### WORK TO BE COMPLETED
Pictures must not appear in the copy. Reproduce exactly, and only, the lines from the one with "Synology DS1621+" through the end of the data below.

### RECORDS SUPPLIED

%%

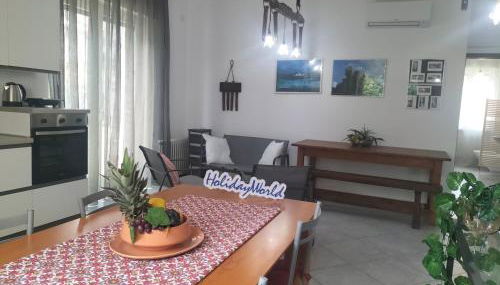 Casa Sole Nascente by Holiday World - Foto 5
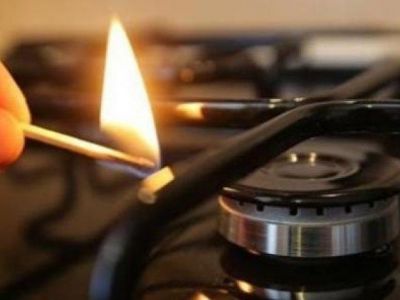 � �������� ������� ������ ������ �� �������������� �������������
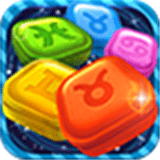 钻石消消乐游戏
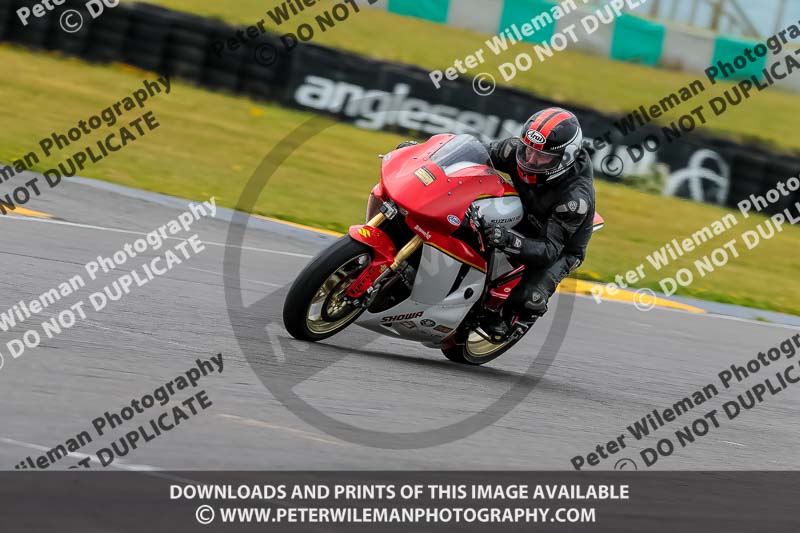 PJ Motorsport 2019;anglesey no limits trackday;anglesey photographs;anglesey trackday photographs;enduro digital images;event digital images;eventdigitalimages;no limits trackdays;peter wileman photography;racing digital images;trac mon;trackday digital images;trackday photos;ty croes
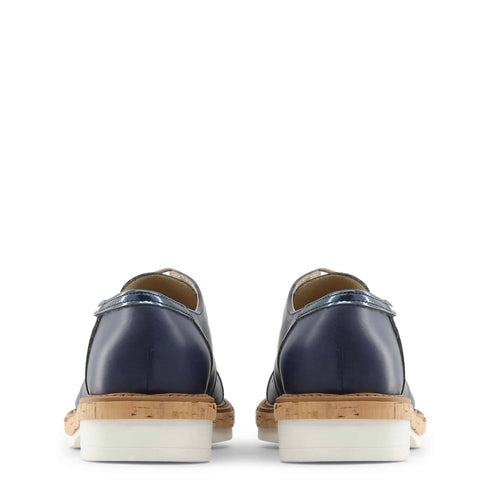 Made in Italia Paeltega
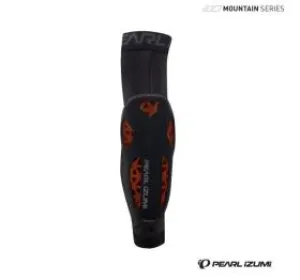Pearl Izumi KNEE GUARD - ELEVATE
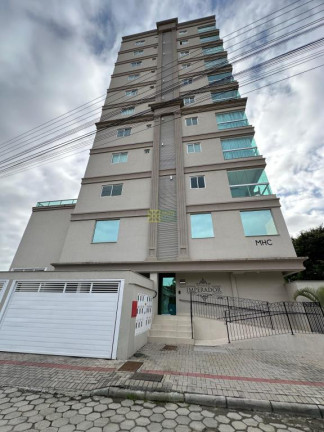 Imagem Apartamento com 3 Quartos à Venda, 120 m² em Balneário Perequê - Porto Belo Imagem Apartamento com 3 Quartos à Venda, 120 m² em Balneário Perequê - Porto Belo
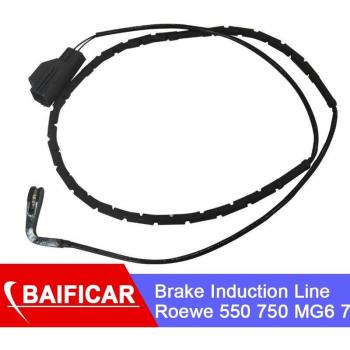 Alarma de Freno Baificar Original – Modelos MG6, MG7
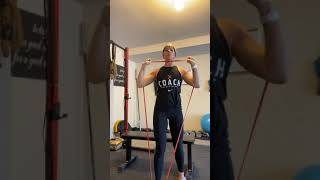 Fri. 10/16: Monthly Training Program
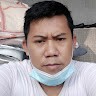 Jerry Sabal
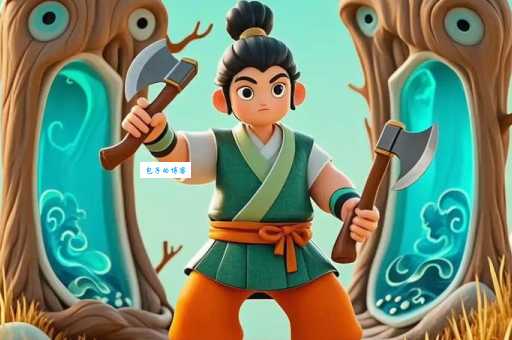 从者如云是什么意思历史典故这样说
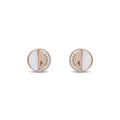 Moonstone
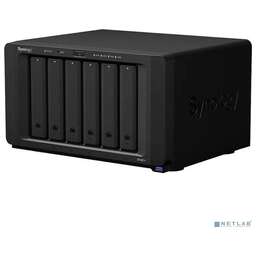Synology DS1621+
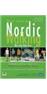 Manual practico de nordic walking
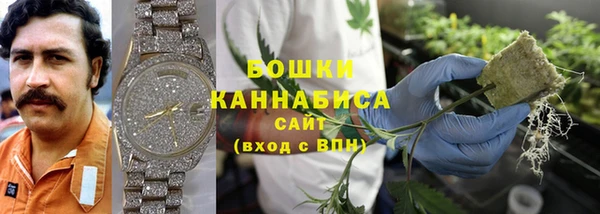 MDMA Няндома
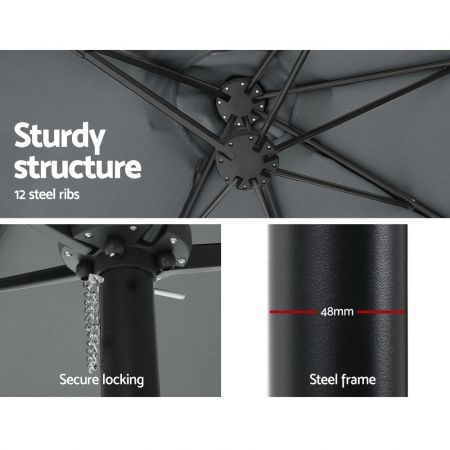 https://img.crazysales.com.au/products_pictures/2792/279241_2406635_F.jpg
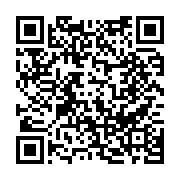 수질검사결과 페이지 바로가기 주소(https://www.jangseong.go.kr/q/ezE0OTZ8NjA5NjF8c2hvd3xwYWdlPTEwN30=&e=M&s=3), QRCODE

%%

### COMPLETED TASK
Synology DS1621+
 Manual practico de nordic walking
 MDMA Няндома
 https://img.crazysales.com.au/products_pictures/2792/279241_2406635_F.jpg
 수질검사결과 페이지 바로가기 주소(https://www.jangseong.go.kr/q/ezE0OTZ8NjA5NjF8c2hvd3xwYWdlPTEwN30=&e=M&s=3), QRCODE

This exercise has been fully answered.